■ **Work instructions**: Reproduce the data below exactly. Skip the pictures.

■ **Data section**:

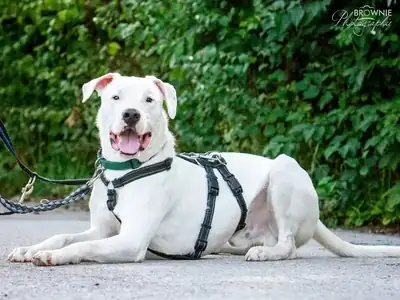 Bones – Dogo Argentino – Bild 18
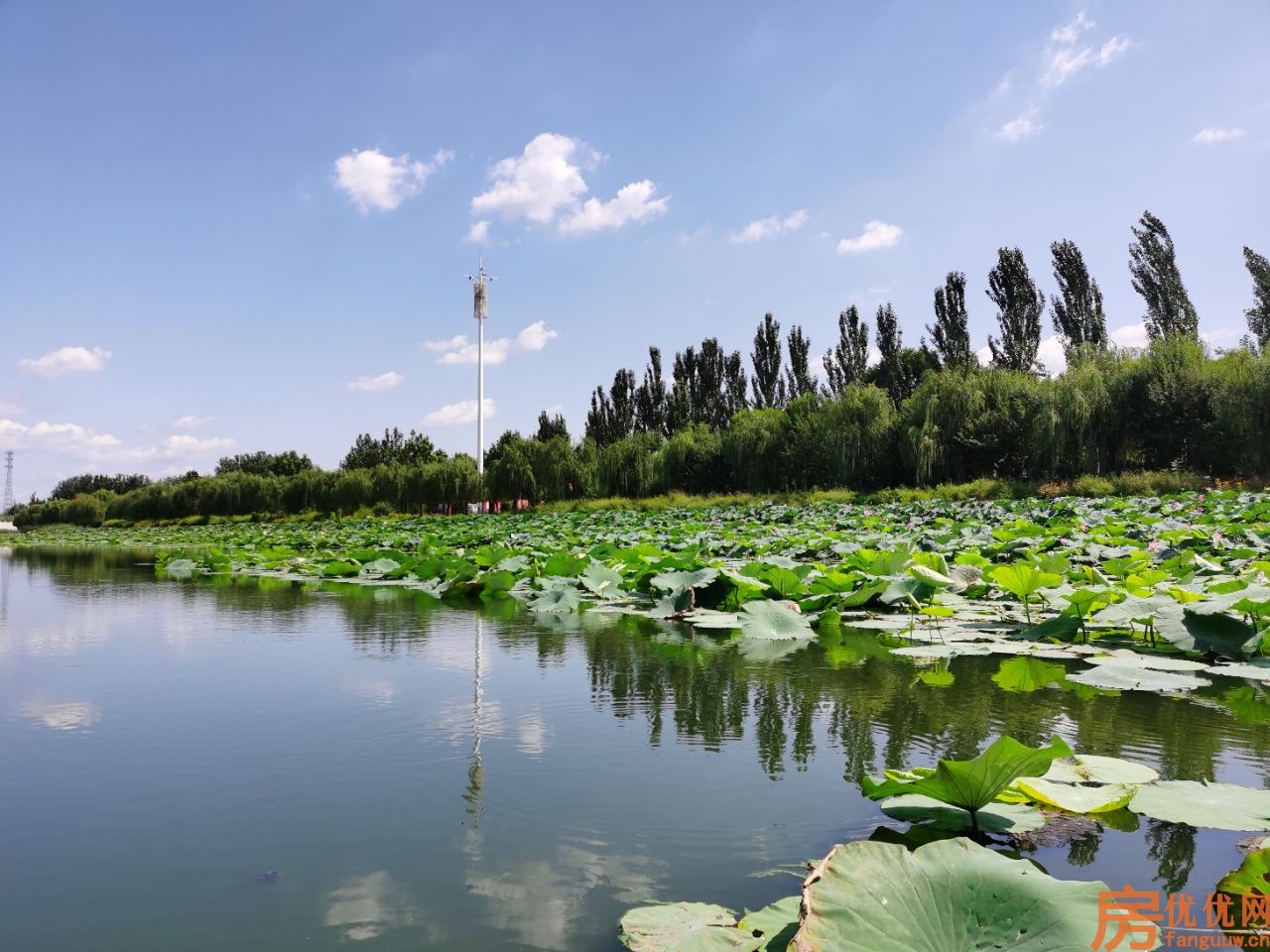 万华城玫瑰苑实景图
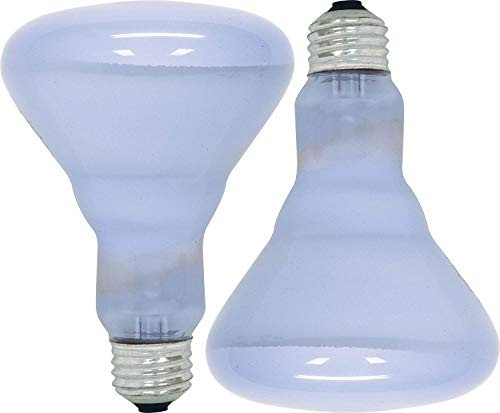 GE Lighting Reveal 65-watt 445-Lumen BR30 Flood Light Bulbs (2 Bulbs)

■ **Written reply**:
 Bones – Dogo Argentino – Bild 18
 万华城玫瑰苑实景图
 GE Lighting Reveal 65-watt 445-Lumen BR30 Flood Light Bulbs (2 Bulbs)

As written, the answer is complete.